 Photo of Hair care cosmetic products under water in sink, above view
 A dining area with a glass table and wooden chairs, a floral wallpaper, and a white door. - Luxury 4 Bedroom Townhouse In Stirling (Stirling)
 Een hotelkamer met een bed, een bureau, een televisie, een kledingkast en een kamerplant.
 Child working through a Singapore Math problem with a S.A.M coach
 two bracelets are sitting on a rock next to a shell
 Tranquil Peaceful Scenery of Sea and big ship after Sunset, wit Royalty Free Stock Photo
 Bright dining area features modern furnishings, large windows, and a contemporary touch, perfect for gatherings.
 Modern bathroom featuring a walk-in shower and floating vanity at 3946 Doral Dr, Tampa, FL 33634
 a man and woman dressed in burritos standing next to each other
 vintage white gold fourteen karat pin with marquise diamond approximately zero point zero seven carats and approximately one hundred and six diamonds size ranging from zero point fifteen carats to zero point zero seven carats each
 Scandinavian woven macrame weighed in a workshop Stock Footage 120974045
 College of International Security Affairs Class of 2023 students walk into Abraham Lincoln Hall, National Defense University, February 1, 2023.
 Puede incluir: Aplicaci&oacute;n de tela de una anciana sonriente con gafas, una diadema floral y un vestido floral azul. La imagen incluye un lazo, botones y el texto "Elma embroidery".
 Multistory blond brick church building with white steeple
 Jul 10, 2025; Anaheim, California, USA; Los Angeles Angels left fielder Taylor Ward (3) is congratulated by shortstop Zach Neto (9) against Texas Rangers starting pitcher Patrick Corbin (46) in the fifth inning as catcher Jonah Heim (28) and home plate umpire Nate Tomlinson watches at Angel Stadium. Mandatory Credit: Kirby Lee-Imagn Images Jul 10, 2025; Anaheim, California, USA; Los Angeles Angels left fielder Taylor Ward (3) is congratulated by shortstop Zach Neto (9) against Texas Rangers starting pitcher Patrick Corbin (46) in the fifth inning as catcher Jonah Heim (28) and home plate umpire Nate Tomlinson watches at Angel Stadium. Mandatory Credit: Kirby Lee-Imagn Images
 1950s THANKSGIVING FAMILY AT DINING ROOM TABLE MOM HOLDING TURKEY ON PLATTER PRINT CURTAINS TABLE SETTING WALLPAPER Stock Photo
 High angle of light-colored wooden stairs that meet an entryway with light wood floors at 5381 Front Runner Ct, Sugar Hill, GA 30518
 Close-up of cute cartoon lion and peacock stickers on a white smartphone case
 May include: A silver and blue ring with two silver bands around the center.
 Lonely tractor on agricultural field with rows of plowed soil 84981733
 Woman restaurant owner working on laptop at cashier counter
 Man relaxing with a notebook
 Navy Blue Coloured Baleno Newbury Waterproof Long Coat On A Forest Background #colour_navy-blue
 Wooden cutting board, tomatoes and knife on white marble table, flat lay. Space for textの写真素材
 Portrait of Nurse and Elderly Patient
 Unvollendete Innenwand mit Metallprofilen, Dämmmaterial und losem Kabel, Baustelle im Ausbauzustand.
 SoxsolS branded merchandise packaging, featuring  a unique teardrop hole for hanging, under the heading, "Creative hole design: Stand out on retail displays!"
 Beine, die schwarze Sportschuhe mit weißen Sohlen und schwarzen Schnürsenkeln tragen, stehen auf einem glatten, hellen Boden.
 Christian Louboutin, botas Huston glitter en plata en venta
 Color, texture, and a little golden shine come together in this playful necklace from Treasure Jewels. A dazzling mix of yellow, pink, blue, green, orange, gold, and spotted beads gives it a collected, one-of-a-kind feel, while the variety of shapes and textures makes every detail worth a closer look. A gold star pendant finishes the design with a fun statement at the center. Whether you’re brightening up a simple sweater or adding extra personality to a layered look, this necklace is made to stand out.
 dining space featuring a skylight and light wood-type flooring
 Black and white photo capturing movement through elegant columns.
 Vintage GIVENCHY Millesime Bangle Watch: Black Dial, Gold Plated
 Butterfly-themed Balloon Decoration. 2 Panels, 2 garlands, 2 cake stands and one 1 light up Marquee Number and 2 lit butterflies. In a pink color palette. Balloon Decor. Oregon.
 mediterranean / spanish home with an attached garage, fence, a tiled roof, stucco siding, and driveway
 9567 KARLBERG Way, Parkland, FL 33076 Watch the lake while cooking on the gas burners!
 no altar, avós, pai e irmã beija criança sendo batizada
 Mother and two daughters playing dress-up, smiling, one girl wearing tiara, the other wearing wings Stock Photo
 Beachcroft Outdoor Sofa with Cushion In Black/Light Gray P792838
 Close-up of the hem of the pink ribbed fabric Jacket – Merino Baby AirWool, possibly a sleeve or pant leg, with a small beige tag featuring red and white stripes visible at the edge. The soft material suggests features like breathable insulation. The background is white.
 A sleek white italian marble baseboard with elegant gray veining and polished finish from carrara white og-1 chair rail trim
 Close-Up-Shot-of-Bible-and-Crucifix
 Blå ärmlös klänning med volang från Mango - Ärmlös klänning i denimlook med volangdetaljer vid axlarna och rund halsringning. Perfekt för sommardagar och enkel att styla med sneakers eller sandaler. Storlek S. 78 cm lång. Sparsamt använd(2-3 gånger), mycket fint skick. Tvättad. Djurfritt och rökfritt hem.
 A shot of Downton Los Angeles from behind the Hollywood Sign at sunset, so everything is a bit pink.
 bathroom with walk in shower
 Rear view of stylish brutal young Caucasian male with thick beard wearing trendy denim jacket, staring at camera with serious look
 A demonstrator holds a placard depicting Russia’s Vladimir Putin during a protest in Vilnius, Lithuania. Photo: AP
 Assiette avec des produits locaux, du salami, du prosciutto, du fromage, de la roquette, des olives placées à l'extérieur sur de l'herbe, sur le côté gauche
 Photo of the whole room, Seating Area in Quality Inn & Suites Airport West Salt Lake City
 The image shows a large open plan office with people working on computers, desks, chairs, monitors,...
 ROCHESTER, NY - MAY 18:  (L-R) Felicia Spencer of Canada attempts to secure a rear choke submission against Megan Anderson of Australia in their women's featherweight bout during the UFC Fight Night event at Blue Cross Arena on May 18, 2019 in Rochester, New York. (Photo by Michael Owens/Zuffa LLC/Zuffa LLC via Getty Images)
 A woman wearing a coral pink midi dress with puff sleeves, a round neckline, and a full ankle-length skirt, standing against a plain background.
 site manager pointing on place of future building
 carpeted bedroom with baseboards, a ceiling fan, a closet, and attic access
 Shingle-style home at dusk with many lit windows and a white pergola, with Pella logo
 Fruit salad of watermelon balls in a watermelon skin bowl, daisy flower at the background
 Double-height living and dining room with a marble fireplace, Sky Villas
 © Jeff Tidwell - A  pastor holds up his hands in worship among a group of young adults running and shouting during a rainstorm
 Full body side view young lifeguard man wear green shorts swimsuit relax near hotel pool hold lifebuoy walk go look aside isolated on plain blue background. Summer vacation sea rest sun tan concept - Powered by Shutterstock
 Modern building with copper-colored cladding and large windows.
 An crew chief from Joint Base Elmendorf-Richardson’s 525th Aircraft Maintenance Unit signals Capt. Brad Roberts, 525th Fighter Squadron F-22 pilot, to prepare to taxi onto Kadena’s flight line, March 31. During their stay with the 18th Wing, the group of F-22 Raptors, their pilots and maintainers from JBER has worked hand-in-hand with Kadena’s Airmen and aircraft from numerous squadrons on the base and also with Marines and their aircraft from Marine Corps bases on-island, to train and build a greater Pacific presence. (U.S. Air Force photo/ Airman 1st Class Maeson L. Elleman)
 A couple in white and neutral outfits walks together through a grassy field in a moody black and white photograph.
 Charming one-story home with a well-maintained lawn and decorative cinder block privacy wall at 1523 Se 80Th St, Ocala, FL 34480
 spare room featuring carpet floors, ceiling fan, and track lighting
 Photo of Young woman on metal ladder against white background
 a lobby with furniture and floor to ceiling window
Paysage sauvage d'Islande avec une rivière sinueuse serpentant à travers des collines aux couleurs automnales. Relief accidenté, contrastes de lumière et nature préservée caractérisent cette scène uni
****************
_WORK TO BE COMPLETED_. Would you please copy exactly the part of the entries above that begins at the line containing "Bright dining area" and ends at the line containing "Lee-Imagn Images Jul", both lines included?

_TASK ANSWER_.
 Bright dining area features modern furnishings, large windows, and a contemporary touch, perfect for gatherings.
 Modern bathroom featuring a walk-in shower and floating vanity at 3946 Doral Dr, Tampa, FL 33634
 a man and woman dressed in burritos standing next to each other
 vintage white gold fourteen karat pin with marquise diamond approximately zero point zero seven carats and approximately one hundred and six diamonds size ranging from zero point fifteen carats to zero point zero seven carats each
 Scandinavian woven macrame weighed in a workshop Stock Footage 120974045
 College of International Security Affairs Class of 2023 students walk into Abraham Lincoln Hall, National Defense University, February 1, 2023.
 Puede incluir: Aplicaci&oacute;n de tela de una anciana sonriente con gafas, una diadema floral y un vestido floral azul. La imagen incluye un lazo, botones y el texto "Elma embroidery".
 Multistory blond brick church building with white steeple
 Jul 10, 2025; Anaheim, California, USA; Los Angeles Angels left fielder Taylor Ward (3) is congratulated by shortstop Zach Neto (9) against Texas Rangers starting pitcher Patrick Corbin (46) in the fifth inning as catcher Jonah Heim (28) and home plate umpire Nate Tomlinson watches at Angel Stadium. Mandatory Credit: Kirby Lee-Imagn Images Jul 10, 2025; Anaheim, California, USA; Los Angeles Angels left fielder Taylor Ward (3) is congratulated by shortstop Zach Neto (9) against Texas Rangers starting pitcher Patrick Corbin (46) in the fifth inning as catcher Jonah Heim (28) and home plate umpire Nate Tomlinson watches at Angel Stadium. Mandatory Credit: Kirby Lee-Imagn Images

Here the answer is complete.